As casas Tulou são habitações familiares. Inicialmente imaginadas para a segurança de quem as habitava, são projectos que nasceram numa época em que não havia arquitectos ou engenheiros. Porém, hoje impressionam quer arquitectos quer engenheiros que as visitam todos os anos quase com sentido de estudo.

Destinadas a clãs familiares, as casas Hakka chegaram a juntar mais de vinte famílias em comunidade. Numa organização semelhante em todas elas, as habitações circulares subsistiram às mudanças da China durante mais de seis séculos.

Sem se reflectir num isolamento, esta forma de habitação criou naturalmente uma separação entre os Hakka e o resto da população. E a origem da subcultura Hakka dentro da nação Han, começou aqui.

 

As “famílias visitantes”

 

“As casas foram imaginadas para garantir a segurança”, explica o senhor Chen.

Com paredes que chegam a metro e meio de espessura e pequenas janelas apenas nos andares superiores, as Tulou provaram, de facto, ser à prova de tudo. Devido a serem circulares e sem possibilidade de alguém se agarrar a pedras para trepar, garantiam que nem ladrões nem animais atacavam as casas à noite.

Há quem diga que o gosto pela exuberância inspirou o primeiro a mandar fazer um tipo de casa como nunca até então se tinha visto. Porém, os Hakka, que na prefeitura de Yongding são oitenta por cento da população, negam esta teoria. “Gostamos de casas mais arejadas”, defende Chen que tem agora o sonho de poder reconstruir um dos velhos castelos de terra para o transformar num novo hotel.

Com um dialecto próprio, o povo Hakka chegou da China central, das províncias de Henan e Shanxi. As primeiras migrações para Sul datam de há cerca de dois mil anos e para Chen os Hakka “são o início da cultura chinesa”.

Descendentes de oficiais da Corte Imperial, tinham na verdade muitas diferenças do povo local das províncias às quais chegaram como Fujian e Guangdong. Chamados de “Kejia” em mandarim, cujo significado se lê como “família visitante” – numa tradução do que quer dizer “Hakka” –, os grupos cedo se começaram a agrupar em clãs próprios.

Estabelecer-se entre as montanhas veio pela necessidade de distância porque nas terras baixas, os autóctones não gostavam da sua presença.
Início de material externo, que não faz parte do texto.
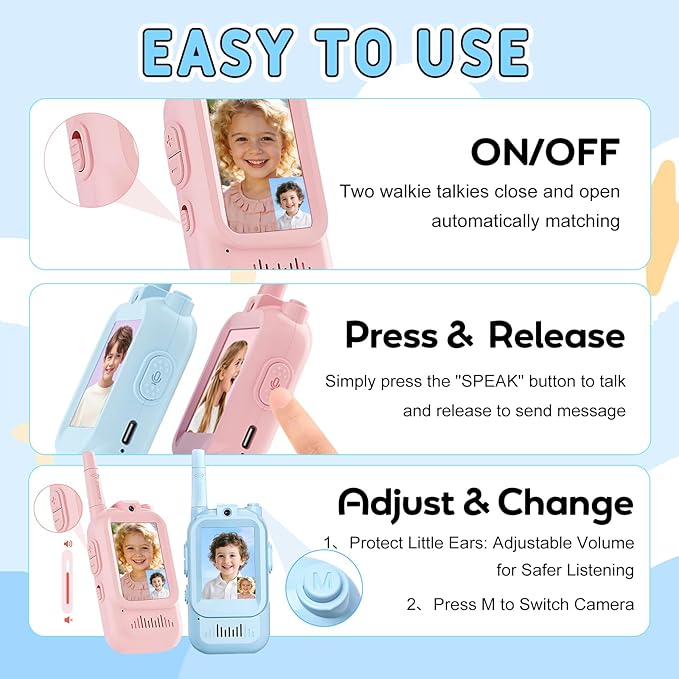 Video Walkie Talkies for Kids, 2 Pack Handheld Rechargeable Walkie Talkies-Christmas Birthday Gifts for Kid Age 3-12, Toddler Indoor Outdoor Toys- Family Games, Outside, Camping, Hiking Blue&Pink
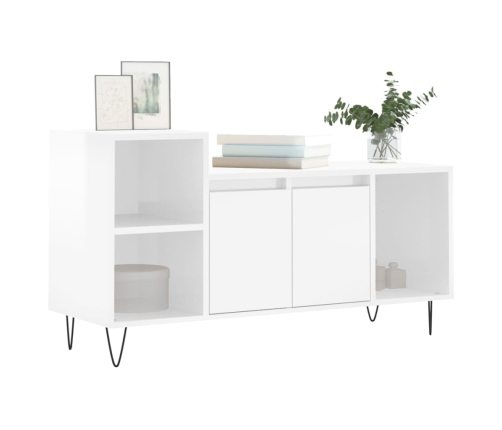 vidaXL Mueble de TV madera contrachapada blanco brillo 100x35x55 cm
Conhecidos pela persistência, ainda hoje os Hakka se orgulham de ter assegurado a subsistência através da agricultura nas zonas montanhosas. Com culturas individuais como arroz, chá e tabaco, os mais velhos continuam a seguir a vida tal como há muitos anos. “Vendemos o que cultivamos”, refere um habitante mais antigo na aldeia de Chuxi. Ao visitar uma Tulou, as ofertas para provar o chá da região são normais. Na verdade, em Yongding, numa área que passa pelas aldeias de Hongkeng, Chuxi, Gaobei, Tianluokeng, entre outras, a visão da cultura do chá é constante. E, naturalmente, defende-se que o melhor aroma está nas plantas que crescem nos socalcos das montanhas.

Quando chegaram há vários séculos, outra das diferenças Hakka passou pela autonomia reconhecida às mulheres que eram responsáveis pela casa e pela agricultura. Uma independência que levou a que as mulheres Hakka ficassem conhecidas por se terem recusado sempre a enfaixar os pés, um hábito que durou do século X até ao século XX na China. Perante o argumento da beleza de ter uns pés pequeninos, defendiam-se com a necessidade de trabalhar no campo, algo que com os pés enfaixados tornar-se-ia impossível. Os homens estavam fora de casa onde protegiam o território de ataques e exploravam as montanhas para novas plantações.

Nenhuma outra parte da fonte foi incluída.